This work evaluates the influence of combining twisted fins in a triple-tube heat exchanger utilised for latent heat thermal energy storage (LHTES) in three-dimensional numerical simulation and comparing the outcome with the cases of the straight fins and no fins. The phase change material (PCM) is in the annulus between the inner and the outer tube, these tubes include a cold fluid that flows in the counter current path, to solidify the PCM and release the heat storage energy. The performance of the unit was assessed based on the liquid fraction and temperature profiles as well as solidification and the energy storage rate. This study aims to find suitable and efficient fins number and the optimum values of the Re and the inlet temperature of the heat transfer fluid. The outcomes stated the benefits of using twisted fins related to those cases of straight fins and the no-fins. The impact of multi-twisted fins was also considered to detect their influences on the solidification process. The outcomes reveal that the operation of four twisted fins decreased the solidification time by 12.7% and 22.9% compared with four straight fins and the no-fins cases, respectively. Four twisted fins improved the discharging rate by 12.4% and 22.8% compared with the cases of four straight fins and no-fins, respectively.

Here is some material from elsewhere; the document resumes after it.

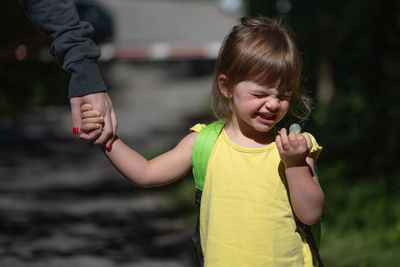 Cute girl standing outdoors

Besides, by reducing the fins’ number from six to four and two, the solidification time reduces by 11.9% and 25.6%, respectively. The current work shows the impacts of innovative designs of fins in the LHTES to produce novel inventions for commercialisation, besides saving the power grid.

Suggested Citation

  • Xinguo Sun & Jasim M. Mahdi & Hayder I. Mohammed & Hasan Sh. Majdi & Wang Zixiong & Pouyan Talebizadehsardari, 2021. "Solidification Enhancement in a Triple-Tube Latent Heat Energy Storage System Using Twisted Fins," Energies, MDPI, vol. 14(21), pages 1-23, November.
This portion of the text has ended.